Concerns are growing over the lack of AI regulation in the Digital Personal Data Protection (DPDP) Bill, particularly regarding the rising prevalence of deep fakes created by generative AI tools. Experts are urging the need for the DPDP to address this issue, especially with upcoming elections in India and the US, where manipulated images and videos could be used to tarnish the reputation of public figures. However, the current version of the DPDP Bill does not include any provisions governing artificial intelligence or emerging technologies like generative AI, causing alarm among experts who fear a gap in privacy laws.
The absence of regulations regarding facial recognition technology and AI in the DPDP Bill has raised concerns about the lack of clarity and ambiguity surrounding these rapidly evolving technologies. Mishi Choudhary, founder of the Software Freedom Law Centre, expressed disappointment that the law fails to address current and emerging issues created by generative AI. Similarly, the General Data Protection Regulation (GDPR), although designed to provide transparency and explainability, is also struggling to keep up with the challenges posed by AI, leading the EU to work on a separate regulatory framework.
With elections on the horizon, experts emphasize the urgency of mandating clear labeling for AI-generated content to prevent its potentially misleading influence on voters. Jaspreet Bindra, Founder and MD of Tech Whisperer, contends that the government should include this clause in the Digital Personal Data Protection Bill. Another concern is the ease with which objectionable content can be distributed through generative AI by smaller, harder-to-track developers compared to larger intermediaries and platforms.

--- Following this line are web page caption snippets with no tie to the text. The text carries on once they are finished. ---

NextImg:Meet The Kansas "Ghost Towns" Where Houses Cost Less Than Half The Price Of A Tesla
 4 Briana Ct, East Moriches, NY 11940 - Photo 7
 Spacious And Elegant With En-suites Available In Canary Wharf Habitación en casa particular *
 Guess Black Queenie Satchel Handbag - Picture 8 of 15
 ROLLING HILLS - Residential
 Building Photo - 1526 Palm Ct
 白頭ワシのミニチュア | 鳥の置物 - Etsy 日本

India’s AI market is projected to grow significantly, with estimates suggesting it could reach $7.8 billion from $3.1 billion between 2020 and 2025. The number of AI startups in India has also multiplied in recent years. Earlier this year, reports indicated that generative AI platforms such as ChatGPT and Google’s Bard might be prohibited from processing Indian citizens’ personal data available in the public domain, as the DPDP Bill restricts search engine companies and developers from scraping large amounts of publicly available internet data.
In response to the concerns surrounding AI regulation, the government intends to introduce provisions governing AI in the forthcoming Digital India (DI) Bill, which aims to modernize the 23-year-old IT Act of 2000. However, some experts warn that the DI Bill may take several years to become legislation, while others argue that including these provisions in the DPDP Bill would be more prudent.
While some experts believe that the DPDP Bill adequately covers AI and emerging technologies, others argue that the Digital India Act should encompass all emerging technologies since it seeks to replace the previous IT Act. As the IT landscape enters the Web 3.0 era, an overhaul of the IT Act is necessary, and the DPDP, focused on personal data protection, should be broad enough to encompass all technologies.
In conclusion, the absence of AI regulation in the DPDP Bill has raised concerns among experts, particularly regarding the proliferation of deep fakes created by generative AI tools. The need to address this issue becomes even more urgent with upcoming elections in India and the US. Experts emphasize the importance of clear labeling for AI-generated content and the challenges posed by the open source nature of generative AI. While the government plans to address AI regulation in the Digital India Bill, concerns remain about the time it may take for it to become legislation. As the AI market continues to grow in India, the inclusion of AI provisions becomes crucial for protecting privacy and addressing the evolving landscape of AI technology.